'The Cove' dolphin activist Ric O'Barry detained in Japan

Cinema still of The Cove.

Tokyo - US animal rights activist Ric O'Barry who featured in "The Cove", a documentary about dolphin slaughter in a Japanese town, has been detained in Tokyo by immigration authorities after being denied entry to the country, his supporters said Wednesday.

O'Barry, 76, was held by immigration officials at Toyko's Narita International Airport on Monday and interrogated repeatedly, they said, citing his lawyer.

He was denied entry to Japan on a tourist visa, they said on his website "Ric O'Barry's Dolphin Project".

O'Barry appeared in "The Cove", the Oscar-winning documentary which drew worldwide attention to the annual dolphin hunt in the small Japanese town of Taiji, and has frequently visited Japan and the fishing community to protest against the killing of the mammals.
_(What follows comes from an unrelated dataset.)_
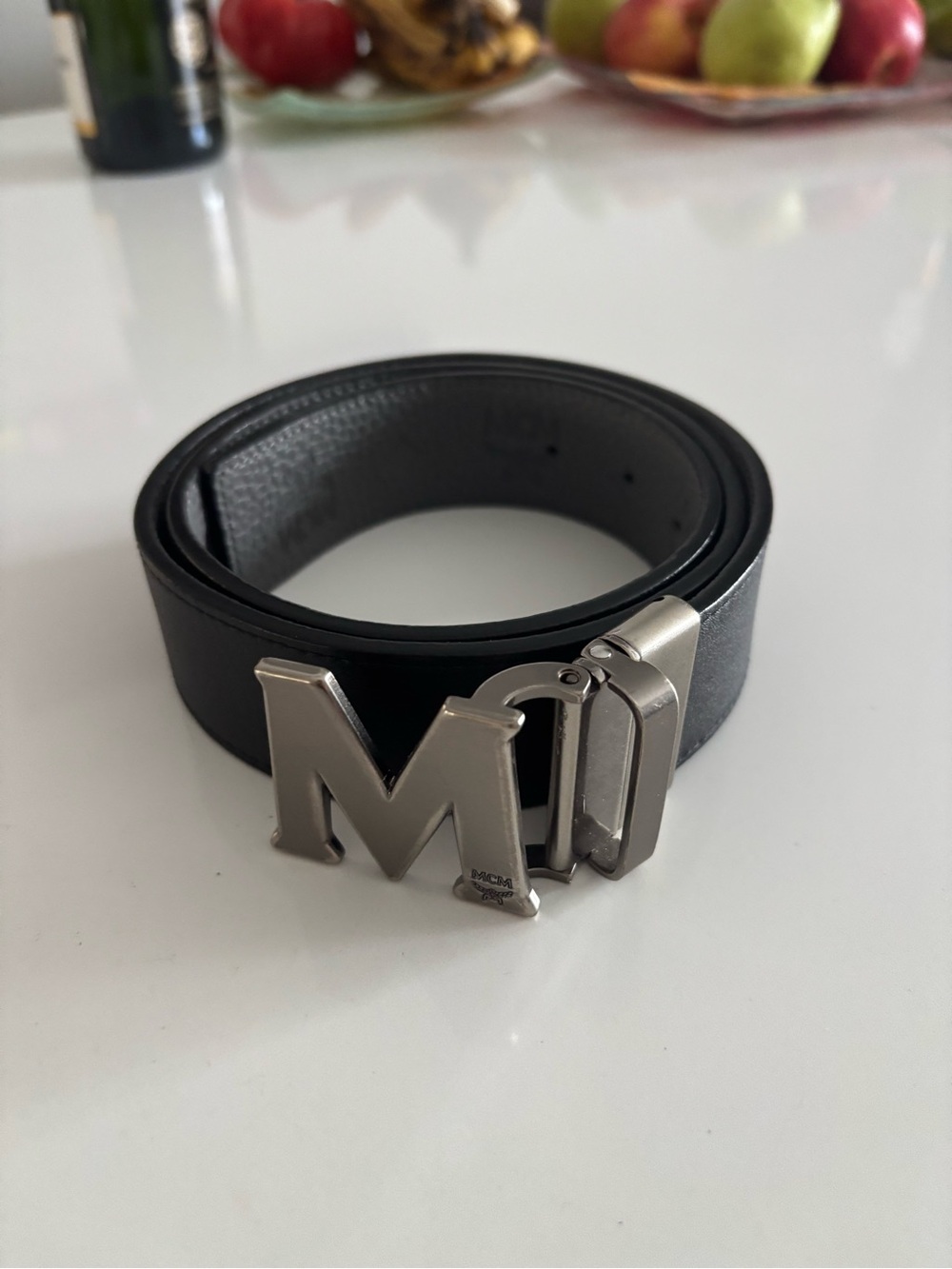 MCM Claus M Reversible 1.75" Monogram Leather Belt - Black & Silver
Authentic 💯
The Tokyo Immigration Bureau said it cannot comment on individual cases, citing privacy rules.

It is not the first time O'Barry has been detained by Japanese authorities.

Last September he was arrested near Taiji on the eve of the start of the controversial six-month dolphin hunt, for allegedly failing to carry his passport after being stopped by police.

He was released the following night.

In recent years, Japanese police have dispatched more officers to Taiji during the hunt in anticipation of possible clashes between locals and activists from conservation group Sea Shepherd.

During the current detention immigration officials accused him of making "The Cove" movie and collaborating with Sea Shepherd, which he denied, the supporters said, citing his lawyer.

O'Barry's attorney could not immediately be reached for comment.

"I feel I am being used as a figurehead representing all Western activists," he said through his son, Lincoln O'Barry, on the website.

The last social networking post by O'Barry himself is an Instagram photo with the comment: "Here we go again...", showing an immigration sign apparently at a Japanese airport, dated Sunday.

O'Barry first found fame in the 1960s for catching and training five dolphins for the well-known TV series "Flipper", but he has recently fought against keeping the mammals in captivity.